▶ **Directions for this task**:
An exact transcription is needed, starting at the line containing "Topsy Farms' handmade" and running through the last line of the records, with every picture left out.

▶ **Records for the exercise**:
-------

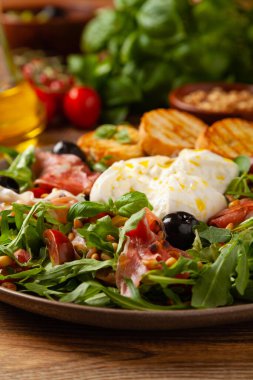 Salad with burrata cheese and croutons. Wooden background.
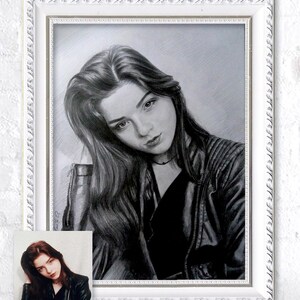 Puede incluir: Un dibujo a l&aacute;piz en blanco y negro enmarcado de una persona con el pelo largo que lleva una chaqueta de cuero negra. El dibujo est&aacute; en un marco blanco con un borde decorativo.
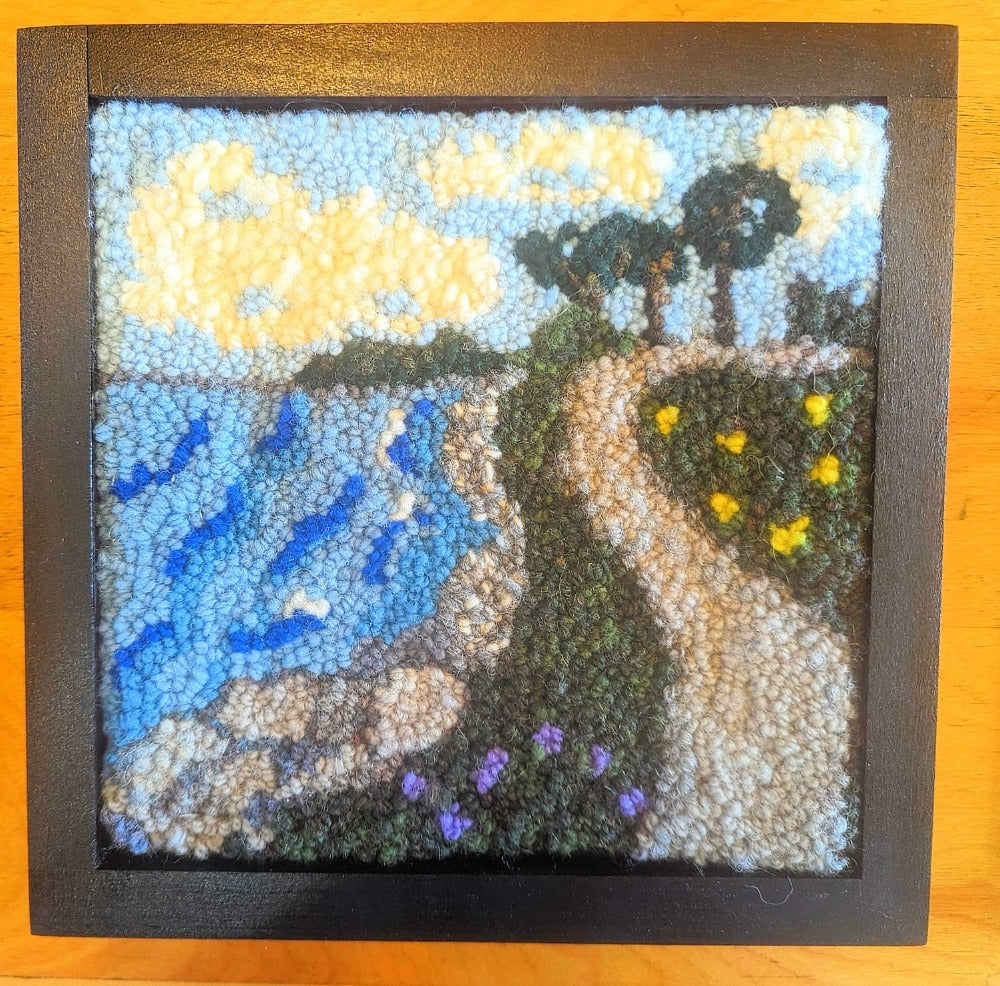 Topsy Farms' handmade wool wall hanging of a road by a lake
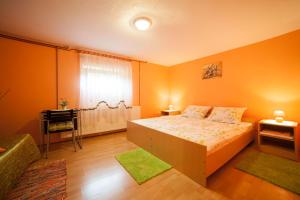 Postel nebo postele na pokoji v ubytování Apartment Tomašević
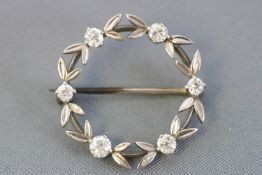 A white metal wreath brooch set with six old brilliant cut diamonds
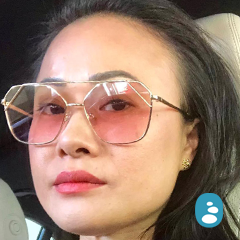 A beautiful woman with long dark hair and radiant skin, wearing large, angular sunglasses with pink-tinted lenses, sits in a car. - OYESPA Aveda Lifestyle | nver Grove Heights, MN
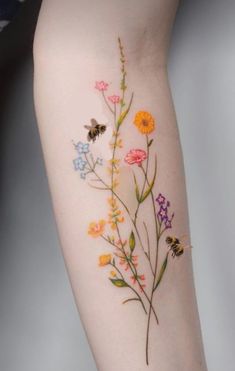 an arm with flowers painted on it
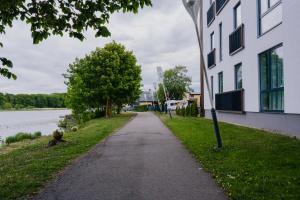 un camino junto a un edificio junto a un río en Vesiroosi Apartments - Apartment 3, en Pärnu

-------

▶ **Exercise output**:
 Topsy Farms' handmade wool wall hanging of a road by a lake
 Postel nebo postele na pokoji v ubytování Apartment Tomašević
 A white metal wreath brooch set with six old brilliant cut diamonds
 A beautiful woman with long dark hair and radiant skin, wearing large, angular sunglasses with pink-tinted lenses, sits in a car. - OYESPA Aveda Lifestyle | nver Grove Heights, MN
 an arm with flowers painted on it
 un camino junto a un edificio junto a un río en Vesiroosi Apartments - Apartment 3, en Pärnu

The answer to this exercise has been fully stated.